The Effect of Clamping Distance on the Vibro-Acoustic Emission During Angle Grinder Cutting

Abstract

This study investigates the clamping distance and vibroacoustic emissions generated during the cutting of five different metals (Mild Steel, High Carbon Steel, Aluminum, Copper, and Zinc) using an angle grinder. The experiment focused on measuring noise and vibration levels across three modes of operation: background, idle, and production noise. Additionally, measurements were conducted at selected clamping heights of 100, 200, and 300 mm to assess the impact on noise and vibration emissions.
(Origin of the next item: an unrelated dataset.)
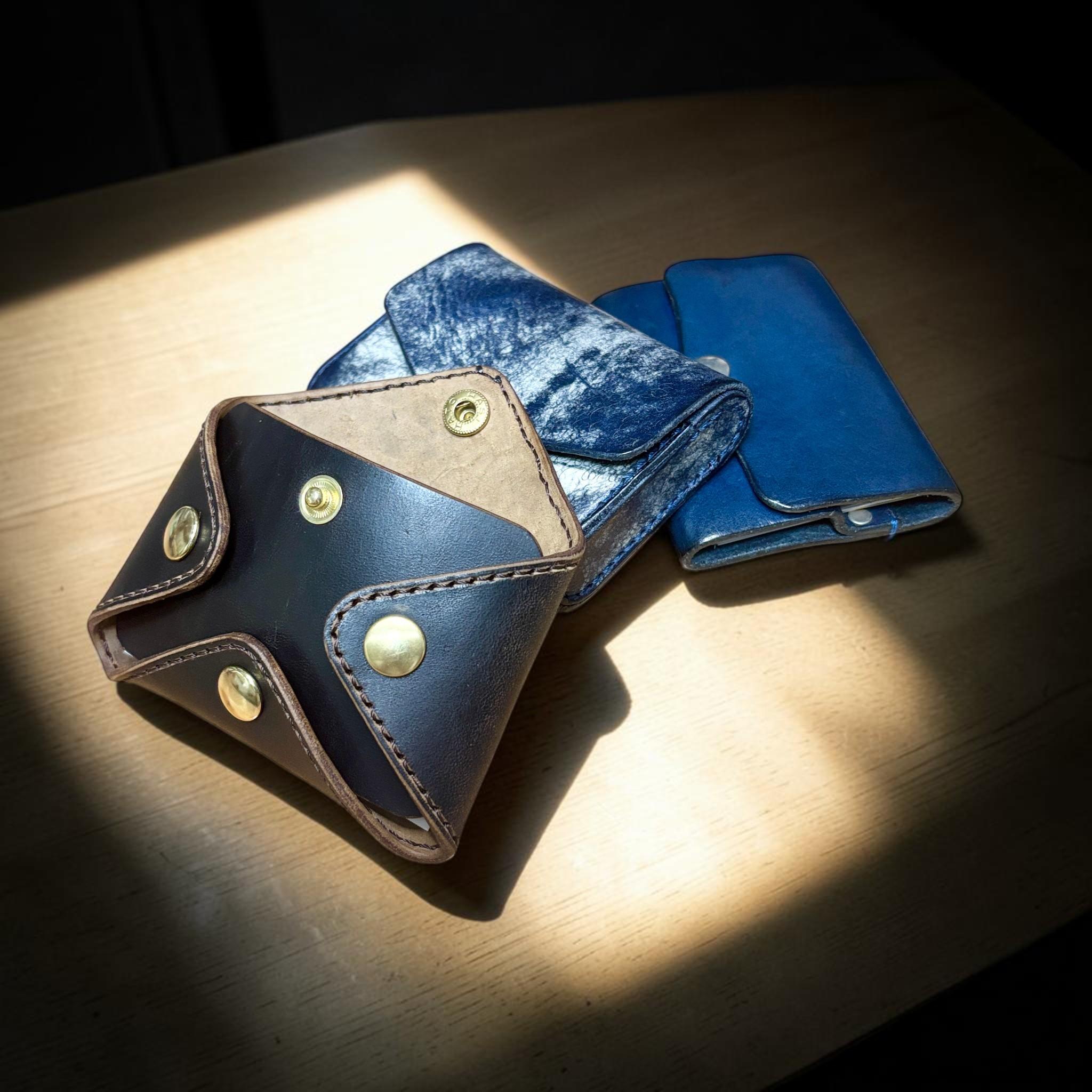 Card_coin_case_horsebutt_black | 13枚目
The measurements were performed using a sound level meter (model 2310 SL) with a resolution of 0.1 dB and an IEC 61672 type-2 factory-calibrated vibration meter with a resolution of 0.1 m/s². Noise and vibration were measured 300 mm from the source of noise at 1000 mm above the floor, and vibration was measured on each work piece. The results revealed significant differences in the noise and vibration levels for the different metals. The mean noise level was lowest for Zinc (97.8 dB) and highest for High Carbon Steel (114.7 dB) during cutting, with Copper exhibiting the lowest noise level (82.0 dB) and High Carbon Steel the highest (116.8 dB) during idle conditions. Regarding vibration, Mild Steel exhibited the lowest vibration level (26 m/s²) and High Carbon Steel the highest (50 m/s²) during cutting, while Aluminum showed the lowest vibration level (19.3 m/s²) and High Carbon Steel the highest (25.9 m/s²) during idle conditions. These findings indicate that material properties, as well as clamping distance, significantly affect both the noise and vibration emissions during angle grinder cutting. The study highlights the need for appropriate material selection and clamping height optimization in order to mitigate noise and vibration exposure in manufacturing environments.